Data excerpts:
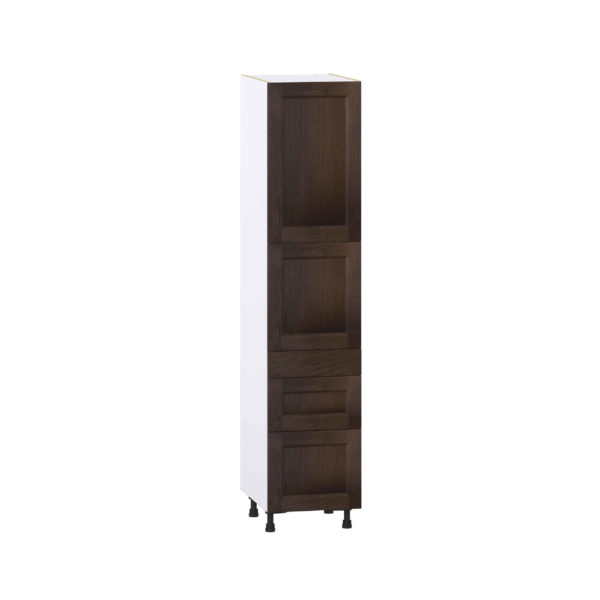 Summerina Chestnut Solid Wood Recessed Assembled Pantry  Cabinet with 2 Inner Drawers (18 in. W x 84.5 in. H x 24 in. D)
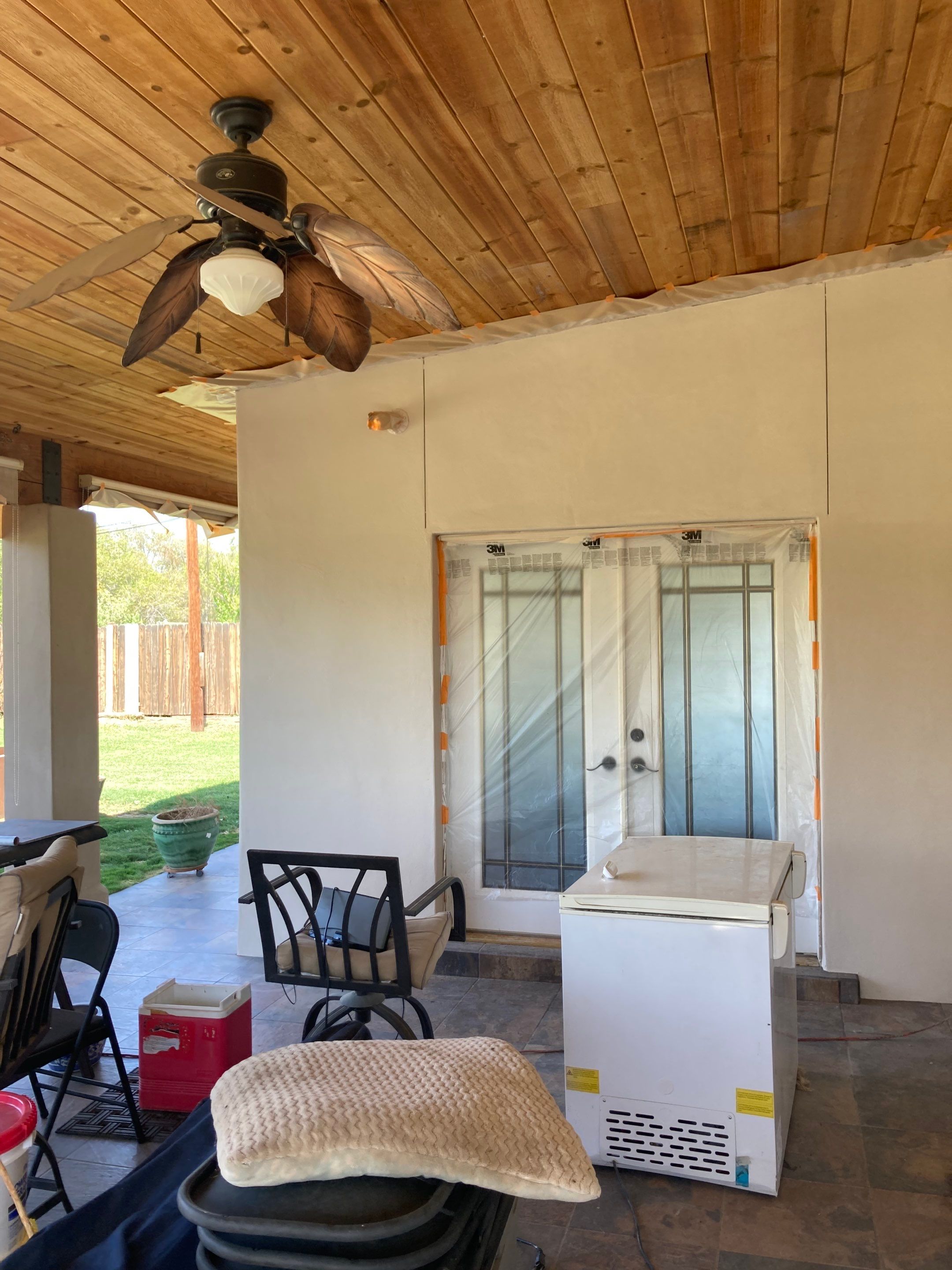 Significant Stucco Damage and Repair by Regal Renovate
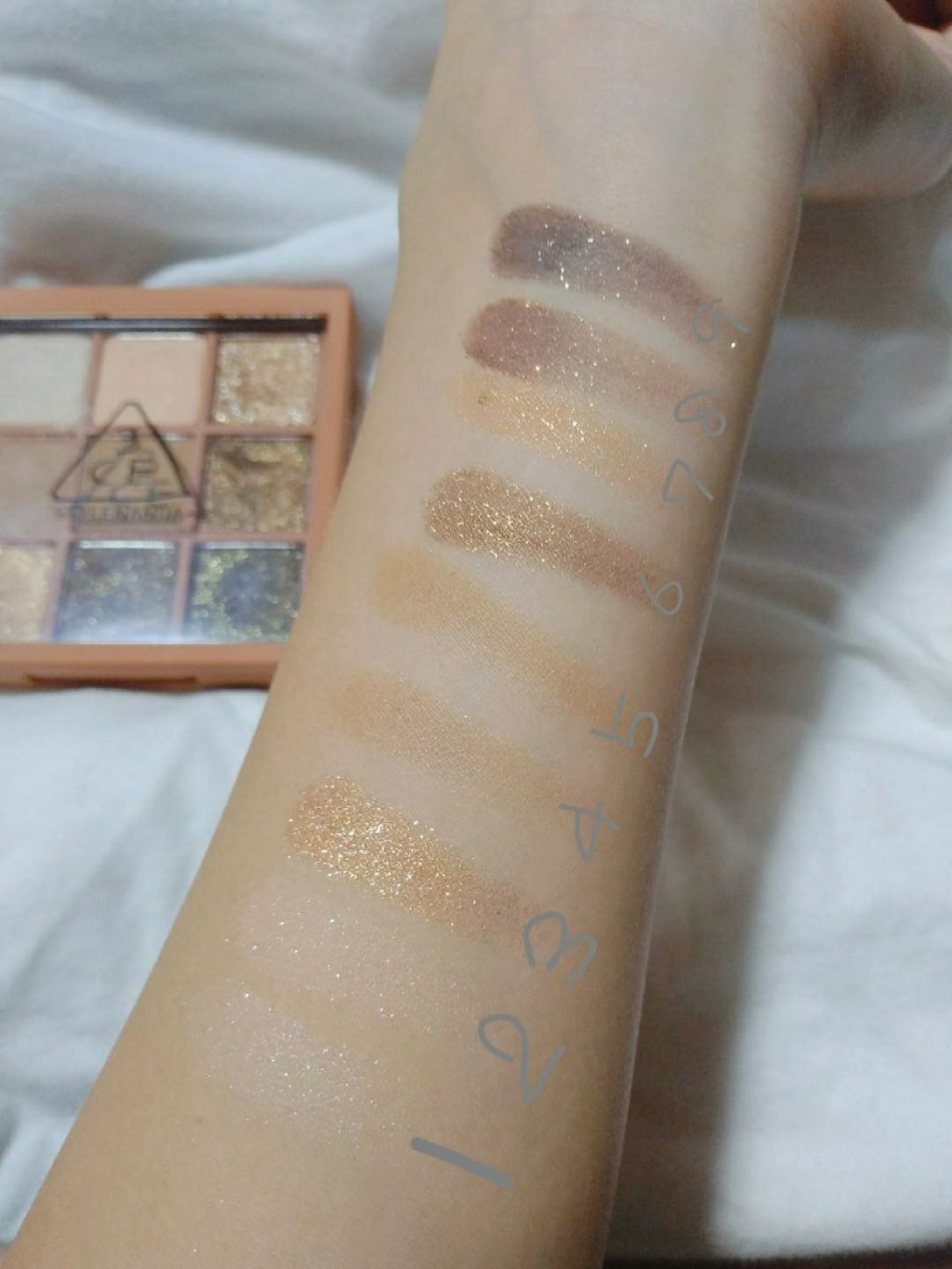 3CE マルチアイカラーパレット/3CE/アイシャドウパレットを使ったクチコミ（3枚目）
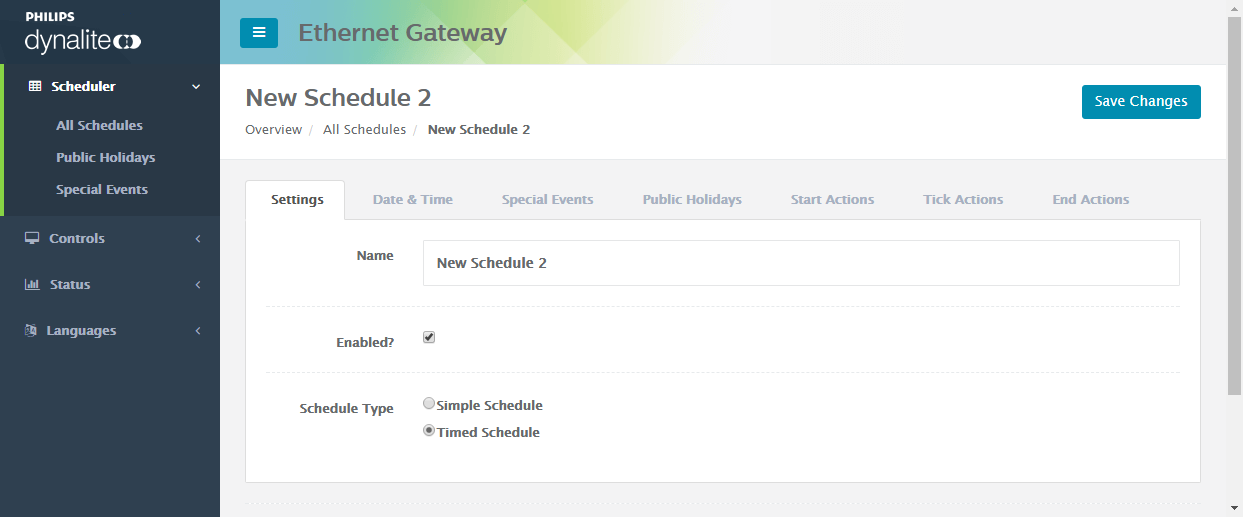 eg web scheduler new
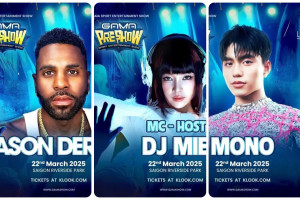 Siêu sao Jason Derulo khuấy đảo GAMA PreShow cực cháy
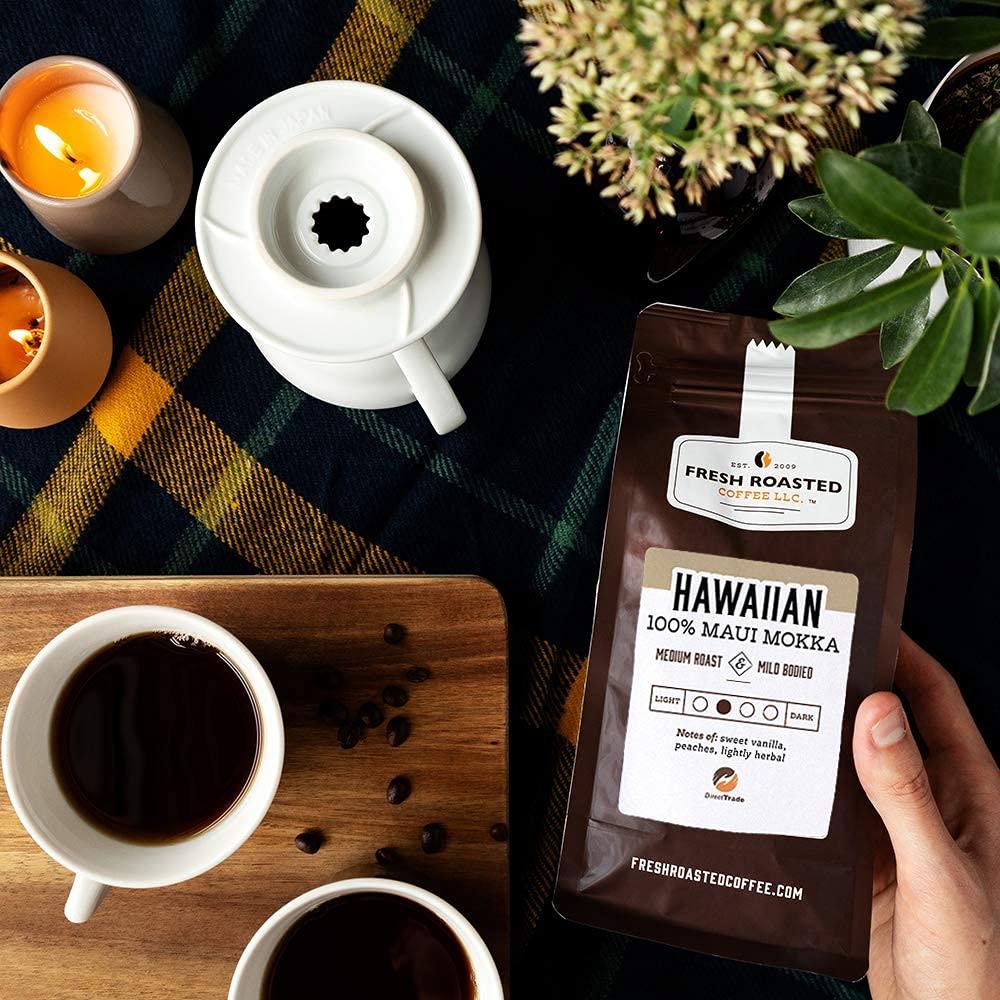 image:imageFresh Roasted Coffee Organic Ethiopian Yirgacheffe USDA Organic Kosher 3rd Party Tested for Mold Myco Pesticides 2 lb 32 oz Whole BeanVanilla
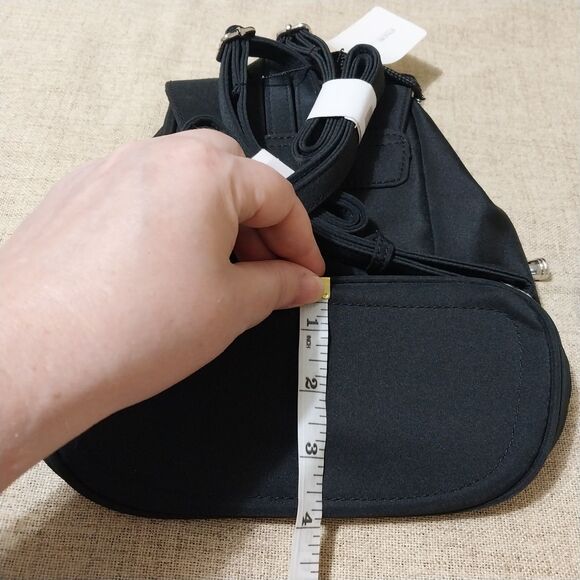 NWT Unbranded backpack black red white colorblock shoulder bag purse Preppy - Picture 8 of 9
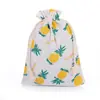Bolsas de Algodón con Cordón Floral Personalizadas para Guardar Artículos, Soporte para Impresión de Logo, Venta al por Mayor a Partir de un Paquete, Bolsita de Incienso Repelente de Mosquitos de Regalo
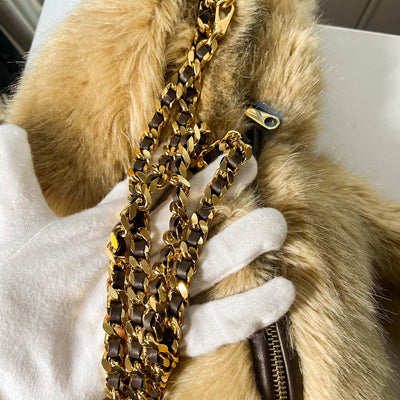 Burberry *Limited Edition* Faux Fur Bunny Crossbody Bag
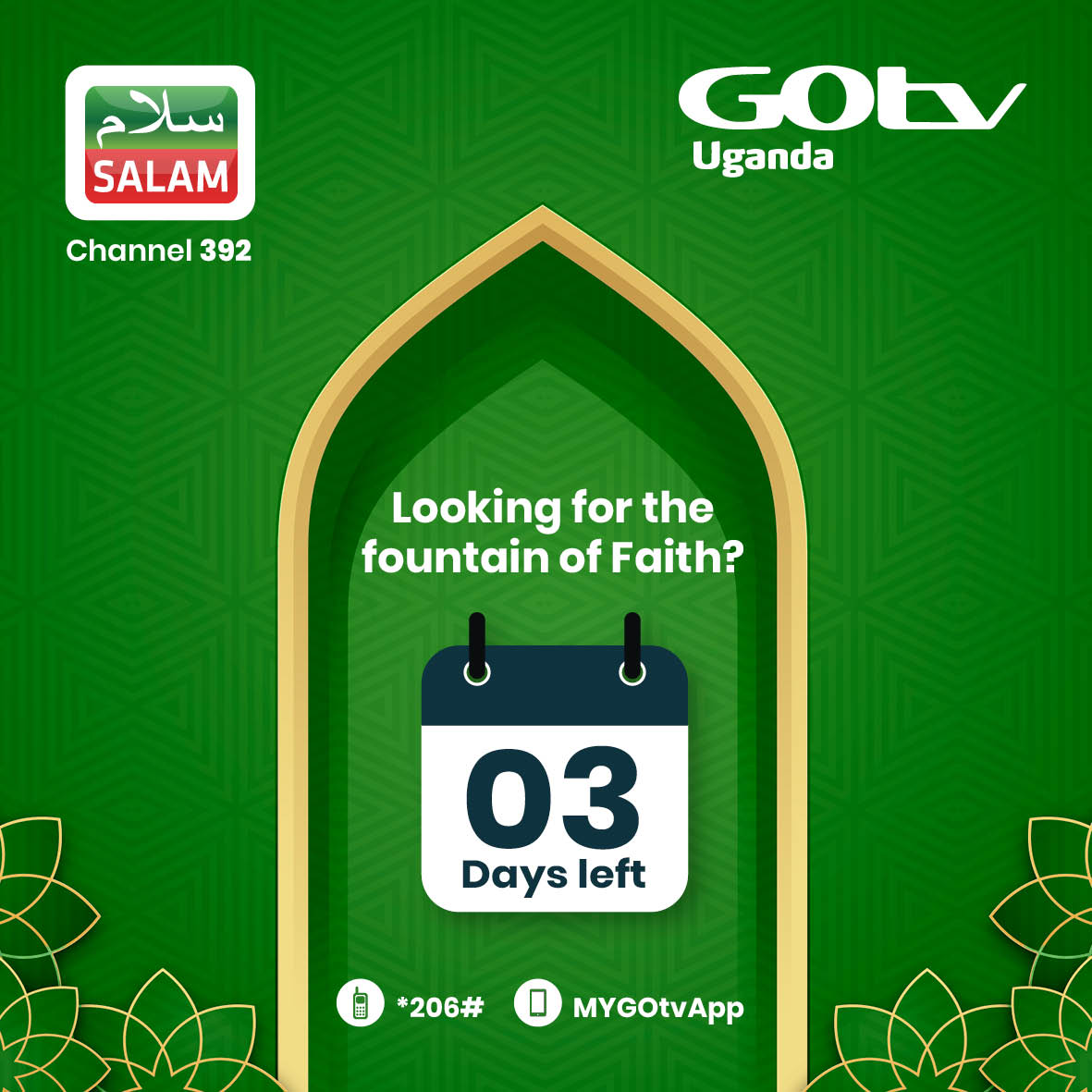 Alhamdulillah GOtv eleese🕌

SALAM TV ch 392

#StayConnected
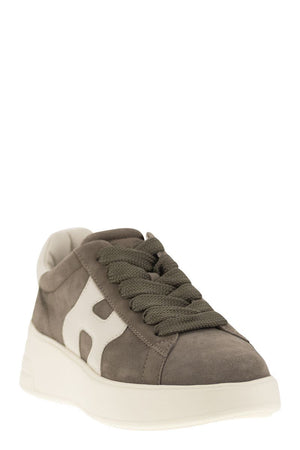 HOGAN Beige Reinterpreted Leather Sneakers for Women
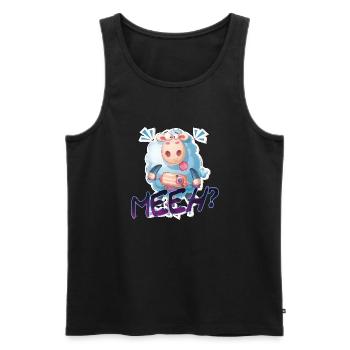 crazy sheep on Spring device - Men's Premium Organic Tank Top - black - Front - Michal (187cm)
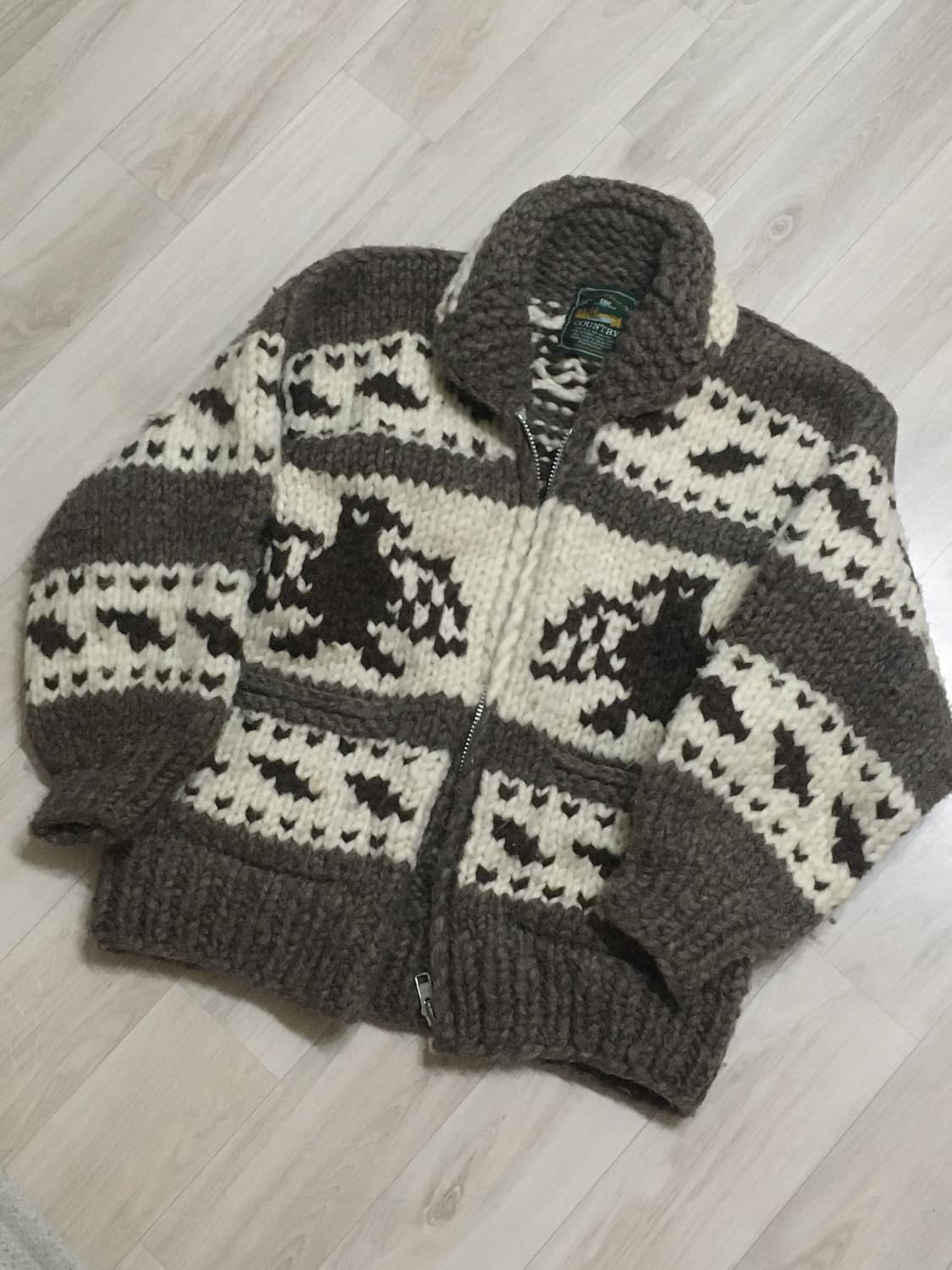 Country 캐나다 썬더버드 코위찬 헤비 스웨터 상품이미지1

What the exercise asks: Pictures do not belong in the answer. Return the lines above starting at the one with "eg web scheduler new" and ending at the one with "HOGAN Beige Reinterpreted", both kept, exactly.

Completed exercise:
 eg web scheduler new
 Siêu sao Jason Derulo khuấy đảo GAMA PreShow cực cháy
 image:imageFresh Roasted Coffee Organic Ethiopian Yirgacheffe USDA Organic Kosher 3rd Party Tested for Mold Myco Pesticides 2 lb 32 oz Whole BeanVanilla
 NWT Unbranded backpack black red white colorblock shoulder bag purse Preppy - Picture 8 of 9
Bolsas de Algodón con Cordón Floral Personalizadas para Guardar Artículos, Soporte para Impresión de Logo, Venta al por Mayor a Partir de un Paquete, Bolsita de Incienso Repelente de Mosquitos de Regalo
 Burberry *Limited Edition* Faux Fur Bunny Crossbody Bag
 Alhamdulillah GOtv eleese🕌

SALAM TV ch 392

#StayConnected
 HOGAN Beige Reinterpreted Leather Sneakers for Women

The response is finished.